Step 3 — apply only the first move. The solver returns a full plan, but MPC throws almost all of it away. It applies just the very first control,

u_k = u_{k}^{\*},

and discards u_{k+1}^{\*}, \dots, u_{k+N-1}^{\*}.

Step 4 — advance and re-solve. The plant moves to x_{k+1}, the clock ticks to k+1, and we return to Step 1. The horizon has slid one step forward — it recedes ahead of us like a horizon you can never reach — and the freshly measured state folds any disturbance straight back into the next plan. That re-measurement is the feedback that the optimisation alone could never provide.

Why industry runs on it: constraints

The reason MPC dominates chemical plants, refineries, power converters and self-driving cars is the clause hiding in Step 2: u \in \mathcal{U},\ x \in \mathcal{X}. LQR's closed form u = -Kx has no way to express “the valve cannot open past 100%” or “the temperature must stay below the limit”; if the ideal gain demands more than the actuator can give, the formula simply lies. MPC instead solves a genuine constrained optimisation online — when g is quadratic and the dynamics and constraints are linear, exactly a quadratic program (QP) — so the limits are honoured by construction. It is the same constrained optimisation machinery we met for equality constraints, now carrying inequalities too, and solved afresh every sampling instant.

Nothing is free. That online solve is the trade-off: where LQR multiplies a precomputed matrix by the state in microseconds, MPC must solve a fresh QP within each sampling period. Faster computers and slick QP solvers are precisely what turned MPC from a 1980s refinery curiosity into the default advanced controller everywhere.

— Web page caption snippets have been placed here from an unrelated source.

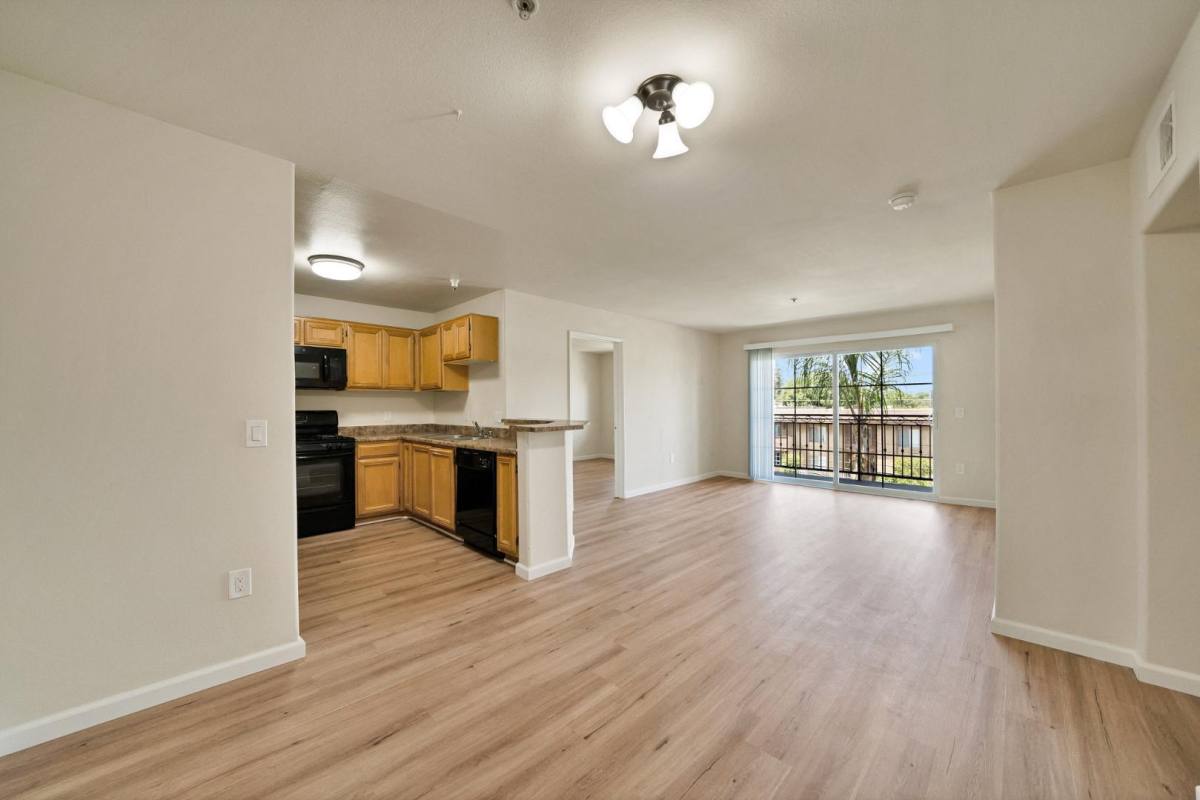 Toscana, 15736 Vanowen St #104, Van Nuys, CA 91406 - Apartment for Rent - Image 5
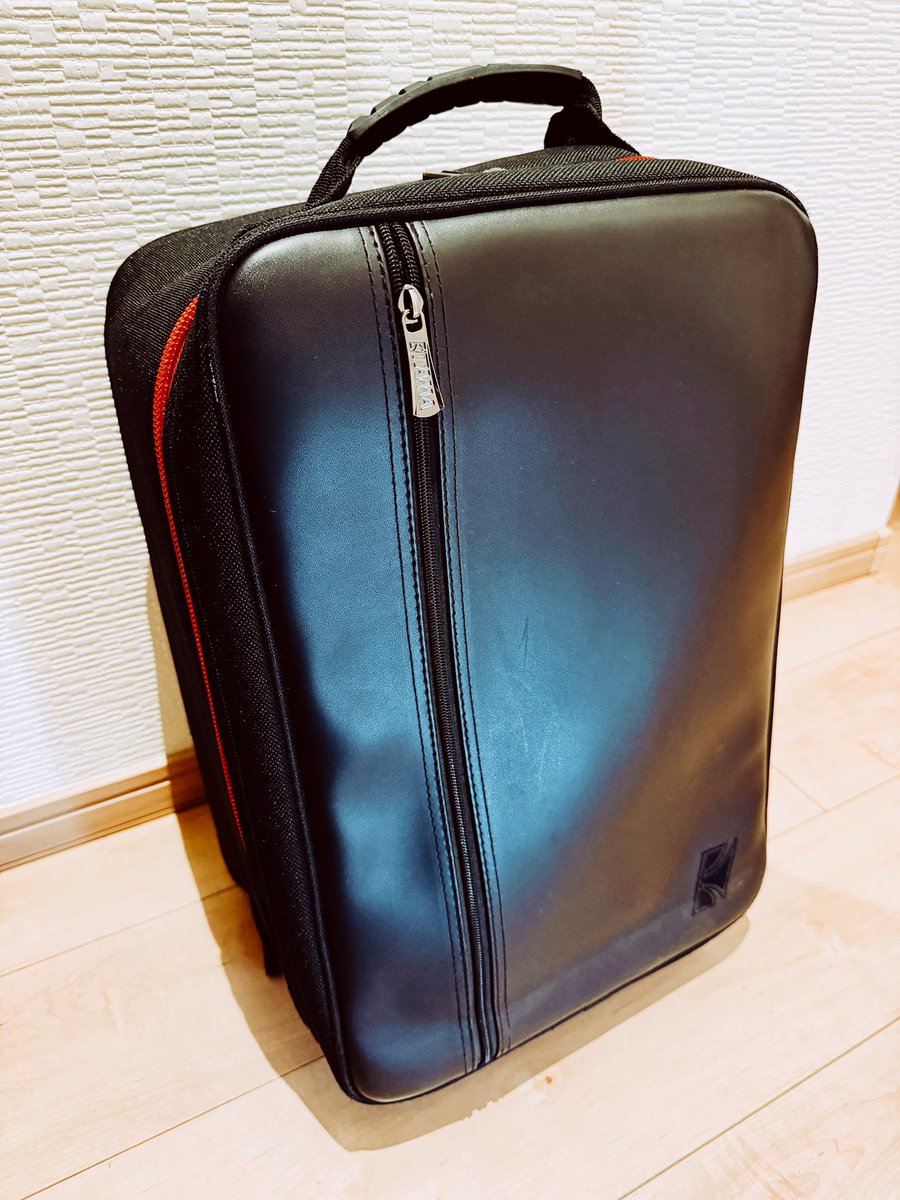 kinaming's tweet image. 持ち出してナンボのEAD50
いろいろケースを試してみたらTAMAのツインペダルケース（PBP210）がシンデレラフィット✨
マウントアダプターも付けたままで大丈夫だし、なんならアドオンマイクやケーブルもまだまだ入る！迷える同志達へ共有！
#EAD50
#YAMAHA
#PBP210
#TAMA

amzn.to/4ucb12S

At each instant, MPC solves a finite-horizon optimal-control problem from the current measured state, applies only the first control move, then re-solves at the next instant — the receding horizon.
Its decisive advantage over LQR is handling constraints on inputs and states directly, by solving a constrained optimisation (a QP in the linear-quadratic case) online.
The price is online computation: a fresh optimisation every sampling period instead of one precomputed gain.

MPC contains LQR

The cleanest way to see what MPC is doing is to switch every constraint off and push the horizon to infinity. With no limits binding and N \to \infty, the linear-quadratic MPC problem is exactly the infinite-horizon LQ problem — and its receding-horizon solution is the constant gain u = -Kx from the Algebraic Riccati Equation. In a slogan:

\text{unconstrained, infinite-horizon MPC} \;=\; \text{LQR}.

So MPC is not a rival to LQR but a generalisation of it: keep the same quadratic cost and linear model, add the ability to obey hard limits and to re-plan with a fresh measurement, and pay for it in online compute. When the constraints never bite, MPC quietly reproduces the optimal feedback law we already trust.

Watching the horizon recede

Below, a scalar plant is driven toward the target x = 0. Slide current time k forward and watch the loop run. The solid curve is what MPC has actually executed up to now; the shaded band is the prediction window of N steps it is planning over right now; the dashed curve inside it is the freshly re-optimised plan; and the highlighted segment is the single first move MPC will actually commit to before re-measuring and re-solving. As k advances, the window slides forward — the horizon receding — and only one executed step is added each time.

MPC was born in the oil refineries of the late 1970s, where a unit might have dozens of coupled inputs and outputs all pressing against safety and quality limits — exactly the constrained, multivariable setting where a single LQR gain is helpless. For decades it lived mostly in slow chemical processes, because the online QP was too heavy to solve in real time for anything fast. Then solvers and silicon caught up. Today MPC steers the trajectory of self-driving cars and autonomous-racing platforms at the limits of tyre grip, schedules power in grid-scale batteries, and regulates the plasma in fusion reactors — anywhere the future matters and the limits are hard.